Geremy is a variant of Jeremy, from Hebrew Jeremiah, meaning the Lord will exalt or appoint.
Geremy is a variant spelling of Jeremy, which itself is an English adaptation of the Hebrew Jeremiah — Yirmeyahu — one of the great prophetic names of the Hebrew Bible. The name means 'God will uplift' or 'God appoints,' and Jeremiah was the prophet who delivered some of the most anguished and beautiful laments in all of scripture, writing through the destruction of Jerusalem and the Babylonian exile with a grief so intense that 'jeremiad' entered the English language as a word for sustained lamentation. It is rare for a proper name to donate a common noun to the language — a measure of Jeremiah's cultural weight.
Jeremy emerged as the English vernacular form in the medieval period, distinct from the more formal Jeremiah, and carried a lighter, more everyday feel — it was a name for farmers and tradesmen as much as prophets.
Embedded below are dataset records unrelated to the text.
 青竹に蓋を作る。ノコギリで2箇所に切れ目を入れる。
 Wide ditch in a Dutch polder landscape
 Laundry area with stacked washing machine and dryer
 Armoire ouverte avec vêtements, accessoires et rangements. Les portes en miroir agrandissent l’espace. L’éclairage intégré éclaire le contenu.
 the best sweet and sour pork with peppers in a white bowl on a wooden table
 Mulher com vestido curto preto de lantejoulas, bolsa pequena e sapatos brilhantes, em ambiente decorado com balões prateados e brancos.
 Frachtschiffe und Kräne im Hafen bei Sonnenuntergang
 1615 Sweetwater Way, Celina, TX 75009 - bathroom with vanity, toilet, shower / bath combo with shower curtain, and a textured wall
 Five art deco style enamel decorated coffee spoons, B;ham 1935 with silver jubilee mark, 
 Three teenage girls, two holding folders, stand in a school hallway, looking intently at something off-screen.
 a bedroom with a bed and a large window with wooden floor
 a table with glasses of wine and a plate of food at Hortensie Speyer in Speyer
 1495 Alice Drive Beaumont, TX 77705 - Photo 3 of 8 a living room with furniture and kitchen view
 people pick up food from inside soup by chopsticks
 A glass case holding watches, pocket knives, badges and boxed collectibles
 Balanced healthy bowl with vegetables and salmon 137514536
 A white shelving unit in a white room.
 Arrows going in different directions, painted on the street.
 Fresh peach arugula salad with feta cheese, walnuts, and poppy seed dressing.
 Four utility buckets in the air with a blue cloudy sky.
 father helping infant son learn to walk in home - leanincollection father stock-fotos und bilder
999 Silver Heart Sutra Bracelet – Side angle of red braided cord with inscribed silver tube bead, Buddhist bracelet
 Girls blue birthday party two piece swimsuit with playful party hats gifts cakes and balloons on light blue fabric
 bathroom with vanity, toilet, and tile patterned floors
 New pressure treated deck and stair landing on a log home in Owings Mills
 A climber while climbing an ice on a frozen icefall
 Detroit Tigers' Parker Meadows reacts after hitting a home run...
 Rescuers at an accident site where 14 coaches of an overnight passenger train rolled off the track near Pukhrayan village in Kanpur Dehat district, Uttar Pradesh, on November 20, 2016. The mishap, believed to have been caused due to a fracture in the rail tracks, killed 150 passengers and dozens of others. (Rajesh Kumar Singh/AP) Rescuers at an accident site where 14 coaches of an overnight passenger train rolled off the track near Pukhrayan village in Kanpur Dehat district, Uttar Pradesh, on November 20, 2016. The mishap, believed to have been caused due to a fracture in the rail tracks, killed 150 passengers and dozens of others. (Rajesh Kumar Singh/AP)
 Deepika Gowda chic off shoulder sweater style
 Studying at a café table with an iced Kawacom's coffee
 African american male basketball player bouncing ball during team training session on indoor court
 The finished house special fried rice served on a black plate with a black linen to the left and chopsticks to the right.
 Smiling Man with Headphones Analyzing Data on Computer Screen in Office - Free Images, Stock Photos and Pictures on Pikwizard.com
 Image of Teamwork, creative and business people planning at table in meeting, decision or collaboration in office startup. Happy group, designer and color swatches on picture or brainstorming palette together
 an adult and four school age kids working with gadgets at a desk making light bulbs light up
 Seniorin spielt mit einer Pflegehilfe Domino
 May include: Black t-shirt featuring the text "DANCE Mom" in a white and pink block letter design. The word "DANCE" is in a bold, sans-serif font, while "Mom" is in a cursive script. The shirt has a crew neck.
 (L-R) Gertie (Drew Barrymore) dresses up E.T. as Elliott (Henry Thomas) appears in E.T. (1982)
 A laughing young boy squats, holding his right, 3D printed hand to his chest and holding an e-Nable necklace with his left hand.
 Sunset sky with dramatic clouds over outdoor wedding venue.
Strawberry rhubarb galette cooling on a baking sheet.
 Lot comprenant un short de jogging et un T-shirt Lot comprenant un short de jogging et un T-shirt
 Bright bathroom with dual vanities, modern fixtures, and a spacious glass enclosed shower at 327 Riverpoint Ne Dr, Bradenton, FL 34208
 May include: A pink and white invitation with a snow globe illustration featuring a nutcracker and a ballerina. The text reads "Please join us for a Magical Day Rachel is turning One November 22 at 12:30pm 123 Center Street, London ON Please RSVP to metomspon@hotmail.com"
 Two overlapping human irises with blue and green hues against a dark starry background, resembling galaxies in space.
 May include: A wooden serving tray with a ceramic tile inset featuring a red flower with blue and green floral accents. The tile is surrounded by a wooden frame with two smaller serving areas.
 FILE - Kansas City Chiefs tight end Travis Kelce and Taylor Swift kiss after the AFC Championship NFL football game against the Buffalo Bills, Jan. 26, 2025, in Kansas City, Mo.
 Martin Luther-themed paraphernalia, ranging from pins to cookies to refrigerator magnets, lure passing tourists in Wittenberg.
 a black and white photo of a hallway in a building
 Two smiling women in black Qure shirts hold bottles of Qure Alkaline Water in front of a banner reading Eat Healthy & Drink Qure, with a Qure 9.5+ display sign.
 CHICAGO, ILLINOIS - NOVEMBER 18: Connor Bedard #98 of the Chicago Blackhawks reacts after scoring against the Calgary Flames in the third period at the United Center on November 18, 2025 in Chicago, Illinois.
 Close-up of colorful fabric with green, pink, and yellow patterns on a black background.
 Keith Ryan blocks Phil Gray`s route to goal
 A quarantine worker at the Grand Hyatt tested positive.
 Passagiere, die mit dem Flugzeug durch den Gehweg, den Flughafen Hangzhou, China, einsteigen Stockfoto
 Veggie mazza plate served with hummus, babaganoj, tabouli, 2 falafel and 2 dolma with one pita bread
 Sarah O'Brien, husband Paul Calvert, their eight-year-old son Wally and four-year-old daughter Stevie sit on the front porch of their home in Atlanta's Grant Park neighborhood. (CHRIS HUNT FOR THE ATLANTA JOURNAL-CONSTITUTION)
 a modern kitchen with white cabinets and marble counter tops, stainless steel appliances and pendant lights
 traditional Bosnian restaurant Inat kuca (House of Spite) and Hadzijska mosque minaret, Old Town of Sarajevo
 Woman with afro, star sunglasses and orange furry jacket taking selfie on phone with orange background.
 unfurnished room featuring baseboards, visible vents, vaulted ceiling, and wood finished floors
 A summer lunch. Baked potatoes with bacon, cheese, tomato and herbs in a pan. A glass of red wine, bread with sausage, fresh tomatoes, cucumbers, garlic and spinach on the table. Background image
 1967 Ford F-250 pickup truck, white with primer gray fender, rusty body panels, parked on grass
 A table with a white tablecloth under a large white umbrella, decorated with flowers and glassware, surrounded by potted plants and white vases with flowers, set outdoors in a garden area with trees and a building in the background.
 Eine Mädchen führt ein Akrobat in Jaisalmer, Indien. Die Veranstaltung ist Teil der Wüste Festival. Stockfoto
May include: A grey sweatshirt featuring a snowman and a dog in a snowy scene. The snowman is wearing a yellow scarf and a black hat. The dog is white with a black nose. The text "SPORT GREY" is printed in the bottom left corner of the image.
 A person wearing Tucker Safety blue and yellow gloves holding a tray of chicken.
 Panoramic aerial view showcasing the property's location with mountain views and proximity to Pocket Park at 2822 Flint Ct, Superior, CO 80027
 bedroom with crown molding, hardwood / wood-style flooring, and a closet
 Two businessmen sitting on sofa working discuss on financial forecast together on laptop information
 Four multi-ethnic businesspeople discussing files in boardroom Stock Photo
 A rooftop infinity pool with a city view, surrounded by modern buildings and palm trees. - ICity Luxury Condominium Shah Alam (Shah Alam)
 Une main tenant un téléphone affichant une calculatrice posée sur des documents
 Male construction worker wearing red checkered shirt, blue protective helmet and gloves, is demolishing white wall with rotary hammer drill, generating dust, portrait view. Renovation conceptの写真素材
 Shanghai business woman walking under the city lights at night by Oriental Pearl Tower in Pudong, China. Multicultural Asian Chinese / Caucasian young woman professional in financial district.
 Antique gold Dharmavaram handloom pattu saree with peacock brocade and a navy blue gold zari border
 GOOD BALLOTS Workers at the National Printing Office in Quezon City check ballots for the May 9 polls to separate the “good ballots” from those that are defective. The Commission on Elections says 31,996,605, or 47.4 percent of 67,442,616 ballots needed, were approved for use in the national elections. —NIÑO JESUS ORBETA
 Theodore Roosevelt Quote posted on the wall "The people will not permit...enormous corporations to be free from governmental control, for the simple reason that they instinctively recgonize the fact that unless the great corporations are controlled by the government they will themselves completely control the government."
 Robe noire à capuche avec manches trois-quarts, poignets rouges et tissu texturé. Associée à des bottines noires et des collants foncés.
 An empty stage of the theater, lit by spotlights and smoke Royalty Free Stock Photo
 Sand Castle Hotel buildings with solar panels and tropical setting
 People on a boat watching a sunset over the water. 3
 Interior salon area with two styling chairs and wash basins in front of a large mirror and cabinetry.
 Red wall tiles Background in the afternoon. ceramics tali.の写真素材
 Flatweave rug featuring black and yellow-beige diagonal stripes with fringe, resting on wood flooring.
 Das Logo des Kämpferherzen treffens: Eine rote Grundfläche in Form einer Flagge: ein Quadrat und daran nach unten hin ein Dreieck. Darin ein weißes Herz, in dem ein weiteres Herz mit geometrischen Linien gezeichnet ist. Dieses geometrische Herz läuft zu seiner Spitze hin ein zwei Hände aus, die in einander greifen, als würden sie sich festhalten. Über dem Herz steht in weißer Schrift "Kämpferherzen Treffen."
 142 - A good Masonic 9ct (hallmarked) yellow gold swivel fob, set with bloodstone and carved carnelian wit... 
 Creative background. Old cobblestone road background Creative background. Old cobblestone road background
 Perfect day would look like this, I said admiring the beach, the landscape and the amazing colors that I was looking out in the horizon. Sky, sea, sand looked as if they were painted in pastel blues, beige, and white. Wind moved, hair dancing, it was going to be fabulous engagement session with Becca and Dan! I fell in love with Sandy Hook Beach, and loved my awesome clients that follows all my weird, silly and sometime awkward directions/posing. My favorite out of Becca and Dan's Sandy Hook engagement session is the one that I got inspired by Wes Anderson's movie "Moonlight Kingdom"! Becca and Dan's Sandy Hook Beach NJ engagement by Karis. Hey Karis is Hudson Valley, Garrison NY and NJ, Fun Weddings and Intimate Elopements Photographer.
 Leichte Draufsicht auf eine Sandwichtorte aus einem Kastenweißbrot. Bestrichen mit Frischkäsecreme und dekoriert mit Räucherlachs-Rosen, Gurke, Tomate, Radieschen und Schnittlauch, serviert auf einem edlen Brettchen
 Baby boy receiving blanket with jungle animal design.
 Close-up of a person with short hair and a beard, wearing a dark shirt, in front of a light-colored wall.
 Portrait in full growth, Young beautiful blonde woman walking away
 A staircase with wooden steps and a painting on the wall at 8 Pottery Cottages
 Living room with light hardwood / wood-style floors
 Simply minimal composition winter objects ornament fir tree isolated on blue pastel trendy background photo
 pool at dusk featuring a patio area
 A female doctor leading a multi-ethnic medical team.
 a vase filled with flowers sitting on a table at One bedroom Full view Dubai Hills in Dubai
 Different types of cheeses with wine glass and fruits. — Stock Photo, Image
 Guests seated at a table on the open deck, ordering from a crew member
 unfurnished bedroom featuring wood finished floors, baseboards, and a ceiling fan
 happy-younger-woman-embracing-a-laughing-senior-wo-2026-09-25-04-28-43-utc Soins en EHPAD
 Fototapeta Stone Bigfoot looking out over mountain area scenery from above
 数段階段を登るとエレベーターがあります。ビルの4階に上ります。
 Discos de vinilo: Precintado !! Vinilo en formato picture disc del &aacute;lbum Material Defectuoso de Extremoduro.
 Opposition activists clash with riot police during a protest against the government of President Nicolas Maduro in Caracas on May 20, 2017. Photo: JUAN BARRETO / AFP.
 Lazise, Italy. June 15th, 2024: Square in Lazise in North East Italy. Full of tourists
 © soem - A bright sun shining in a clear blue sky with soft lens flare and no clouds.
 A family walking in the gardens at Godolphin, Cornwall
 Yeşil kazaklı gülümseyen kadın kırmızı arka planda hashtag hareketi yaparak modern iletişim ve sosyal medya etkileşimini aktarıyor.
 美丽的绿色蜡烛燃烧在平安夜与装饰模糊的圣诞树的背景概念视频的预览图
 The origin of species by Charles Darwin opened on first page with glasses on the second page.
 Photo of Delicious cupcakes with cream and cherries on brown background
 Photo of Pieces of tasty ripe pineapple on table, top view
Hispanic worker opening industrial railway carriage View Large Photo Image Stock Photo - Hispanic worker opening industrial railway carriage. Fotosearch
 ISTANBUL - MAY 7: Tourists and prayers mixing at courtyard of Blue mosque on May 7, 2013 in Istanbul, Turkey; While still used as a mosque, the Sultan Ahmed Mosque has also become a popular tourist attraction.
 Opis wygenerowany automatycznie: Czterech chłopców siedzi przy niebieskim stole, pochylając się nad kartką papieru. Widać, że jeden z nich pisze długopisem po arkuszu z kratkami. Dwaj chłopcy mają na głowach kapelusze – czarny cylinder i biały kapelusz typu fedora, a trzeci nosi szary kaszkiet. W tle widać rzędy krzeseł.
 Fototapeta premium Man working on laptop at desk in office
By the twentieth century Jeremy had become genuinely popular across the English-speaking world, associated with figures ranging from philosopher Jeremy Bentham to political broadcaster Jeremy Paxman. The spelling Geremy, with its initial 'G,' likely reflects phonetic intuition — the soft 'J' of Jeremy is identical to a soft 'G,' and this spelling makes that connection visible.
As a given name choice, Geremy signals a family that wanted the sound and heritage of Jeremy with a spelling distinction that sets the child apart on paper. It is a small but deliberate act of individuation — the same name, seen slightly differently.